I remember the racing games of the 32-bit era pretty well. Most were a stuttering mess that could barely keep a decent framerate and even when they did it was in the low 20s at best. Sure we had our Gran Turismos and Ridge Racers but those were the exception, not the rule. The N64 saw far too many racing games and admittedly a nice chunk of them were decent. But one game stands apart from the rest for its technical achievement and content, and that is F-Zero X.
Released in 1998 worldwide many of the series staples were introduced in this game. The F-Zero Grand Prix is brought back after a hiatus (clever) with new rules and regulations but the name of the game is the same; place first to win. Noted for its rock steady 60 fps performance and abundance of content F-Zero X was an anomaly for racing games of the time. Most racing games back then only had 3 tracks and maybe 5 or 6 cars which when is pretty fucking pathetic considering these were CD games. But leave it to Nintendo and cartridges to pack the game with relevant content that helps the game stand out as one of the best of that generation.
The majority of the characters fans would come to know and love in the series were introduced here. The number of competitors is increased to 30, including the 4 from the original game. The differing characteristics between each vehicle are greatly enhanced and have a notable impact on gameplay. You still have the option of adjusting the balance between top speed and acceleration to offset your chosen racers weaknesses. New to the series is the ability to hit other vehicles with a spin attack and side attack, which when timed right can create awesome pileups and the opportunity to steal first place. While the basic race mechanics were given an overhaul the track design saw the biggest changes.

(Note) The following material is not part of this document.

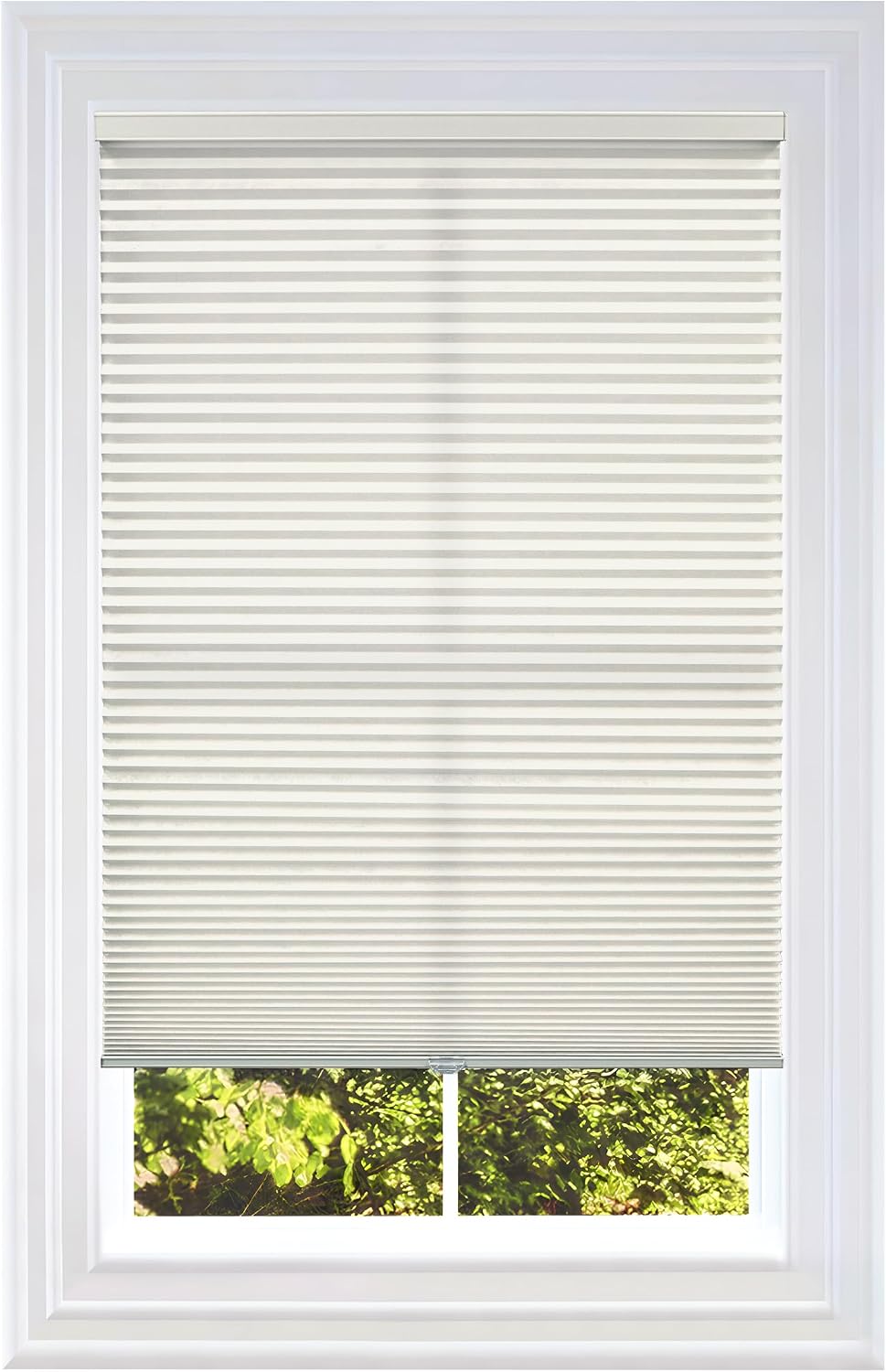BlindsAvenue Cordless Cellular Shade, White Dove, 28.5" W x 48" H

With the move to 3d came the opportunity to create wicked courses that twist and bend in ways not possible in 2d. The addition of hills, loops and tunnels really changes how you approach the finish line. Most courses have corkscrews and pipes that allow you to drive on all sides, completely bypassing head on confrontations with fellow drivers or creating opportunities to ambush them and completely knock them off the track. The same applies to you as well so you need to stay on your toes. The two attacks at your disposal definitely do a good job of livening up the staid race to the finish without changing the feel of the game into Wipeout or Mario Kart.
Aiding in this are the perfect controls and physics. Maneuvering around each track is a breeze and almost becomes “zen” when you’re in the zone and completely focused. The learning curve is a bit steep and I can guarantee you’ll be making the most of the adjustable difficulty settings. But its worth it put in the time and learn the games quirks because there is a wealth of content to keep you occupied.

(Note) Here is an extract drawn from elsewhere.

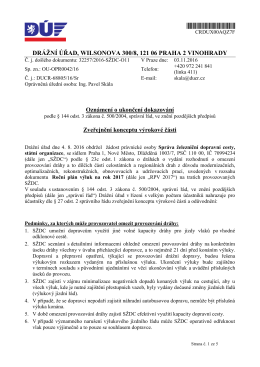 *CRDUX00AQZ7F* DR&Aacute;ŽN&Iacute; &Uacute;ŘAD, WILSONOVA 300/8, 121 06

Broken down into Jack, Queen, and King Cups, each with 6 tracks you won’t see everything in an afternoon. But on top of that are two hidden cups you have to earn. The first, Joker cup is considered Expert level difficulty and the tracks bear that out. The computer AI is vicious but if you persevere you gain access to X-Cup, which is, get this, a random track generator. Yes, you read that correctly. Although they are a bit simple the game will pump out an infinite number to keep you entertained for as long as you like. The standard Vs and Practice modes are joined by Death Race, with the object being to eliminate the other 29 competitors in a set time limit. You see all that? That’s how you make a racing game. None of those bullshit 3 tracks and 3 more flipped and mirrored.
While the graphics occasionally has its moments its nothing to write home about. But that sense of speed man!

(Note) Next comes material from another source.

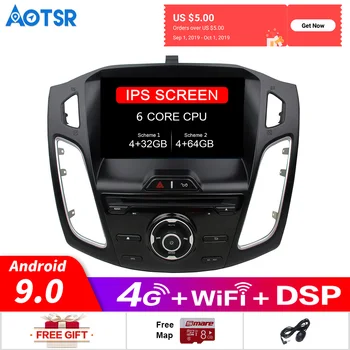 

Android 9.0 Car gps multimedia Radio player For Ford Focus 2012-2014 car GPS Navigation multimedia DVD radio player headunit dsp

Once you start the game the sense of speed is immediate. F-Zero X was like nothing else on the market with its blistering pace. Even with all 30 cars on screen and bombs going off the framerate never dips below 60 and this applies to split screen multiplayer as well. To achieve this though Nintendo sacrificed detail and effects but it works in this case. There are some subtle lighting effects here and there but nothing spectacular. But when you’re twisting around a pipe at 1500 mph and smacking AI cars around with butt rock in your ear it won’t matter. Speaking of the soundtrack, I’m not the biggest fan of the music but it does seem appropriate for the tone of the game. There are some remixes of the SNES music but overall I prefer the orchestral sound of its predecessor.
Nintendo had a specific goal in mind for F-Zero X and they delivered. With blazing fast graphics, a smooth frame rate and tons of content there’s no reason to skip this installment in the series. It will definitely whet your appetite for the masterpiece that is F-Zero GX.